And some of the “facts” aren’t facts at all. These days, hacks are primarily fodder for a misinformation campaign to be conducted mostly online. Researchers have already found that pro-Trump Twitter accounts (with #maga, or “make America great again,” in their handles) are heavily promoting Marine Le Pen, and the leak hashtag may well have started in the US by an alt-right Trump supporter. Reporters have already documented the 4chan trolls actively promoting fake claims of corruption, and watching with glee as traditional media tried to debunk the claims — because debunking is a form of repeating false claims and giving them more publicity. Debunking fake news and rumors is a bit like trying to beat back a tar pit by stepping on it again and again: You keep sinking. The more you kick it, the more it sticks to your feet.

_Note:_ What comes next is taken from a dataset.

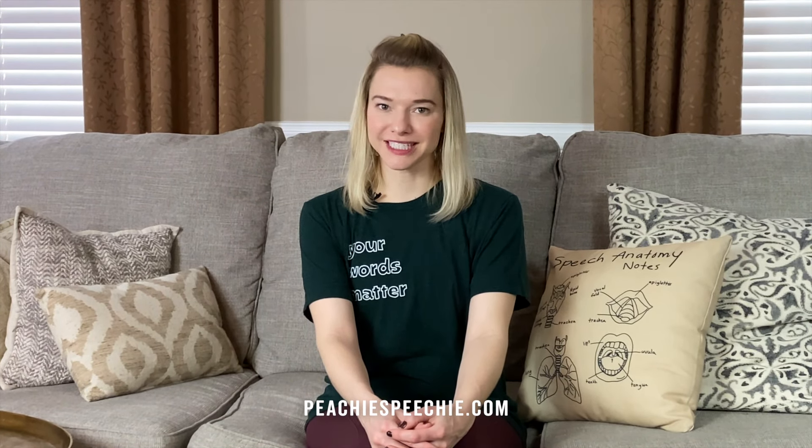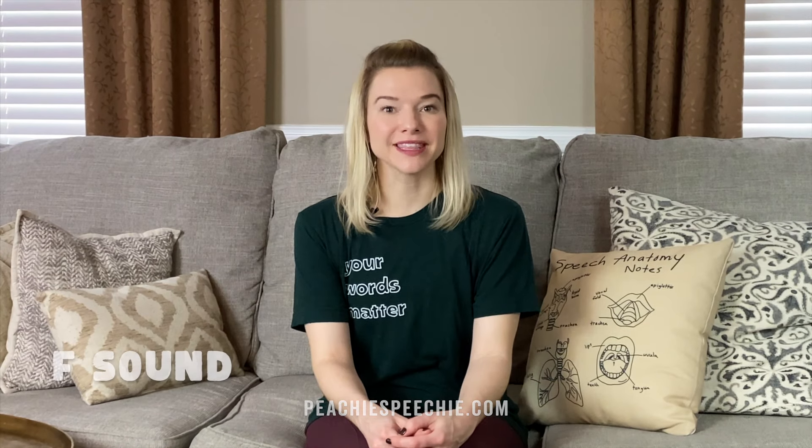Hi, I'm Meredith from Peachy Speechy. I'm a speech language pathologist and today I'm going to show you how to make the F sound.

Dealing with such misinformation and disinformation campaigns is hard to do, but we learned something in the US election campaign. Unfortunately for the US, mass media here either ignored the online viral misinformation, or somewhat rarely tried in vain to debunk false claims and ended up giving them more publicity. Neither option is great. What to do? This is a pickle indeed.

Here’s what I’d suggest: Report aggressively on the fact there is a disinformation campaign. Report it as part of reporting on how the hack is political sabotage. But dig deeper.

Investigate the fake news sites. Look at the Twitter bots that are pushing misinformation from these emails, often in memes or screenshots. Trace their history, their network. Look into who is operating all this; how the coordination is done.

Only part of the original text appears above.